振れは対交する2本のスポークのどちらかが張りすぎているために、もう一方が弛んでしまって起きる現象だ。
2.振れている箇所がわかったら、そのポイントの両脇のスポーク2本、計4本のスポークを調節して振れを取る。
【調整する】
張りが強くなっているのであればスポークの根元にあるニップルをスポークレンチで左に回して張りを緩め、隣の1本を飛ばしたスポークの張りを同じ要領で緩める。続けて、最初に張りを緩めた隣のスポークのニップルを右に回して張りを強くし、1本飛ばしたスポークの張りを同じ要領で強くする。
3.スポークレンチでスポークの根元のニップルを回し、曲がっているほうを緩める。写真の場合、①と③を緩める。

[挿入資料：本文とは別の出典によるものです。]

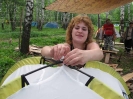 Эту палатку Люба выиграла на «Прянике-2009». Первая сборка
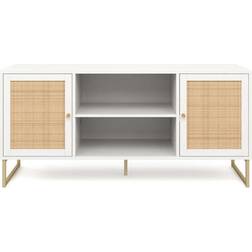 Nathan James Mina White/Gold TV Bench 47x22"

4.曲がっているほうを緩めたら、その反対側、2番と4番を引っ張る。それぞれ4分の1回転ずつ緩める、締めるを繰り返し、振れを解消する。
【こちらもチェック】
スポークレンチにはサイズがあるので注意!
ニップルは、メーカーの規格によりサイズが異なる。スポークレンチ(ニップル回しともいう)も、それに伴い各サイズがあり、わかりやすく色分けされている。3.2ミリ用(ブラック)、3.3ミリ用(グリーン)、3.4ミリ用(レッド)で、このほかに特殊サイズの3.9ミリ用(ブルー)もある。
本格的にホイールの振れを取るなら振れ取り台が必要
大幅に左右に振れたり上下に振れたりしたホイールを修正するには、振れ取り台という専用工具が必要。ホイールをセットし、アーム状のゲージをリムに取り付けることで、どこがどの程度歪んでいるのかを確認することができる。この歪みを見ながら、スポークレンチを使ってホイールの振れを取っていく。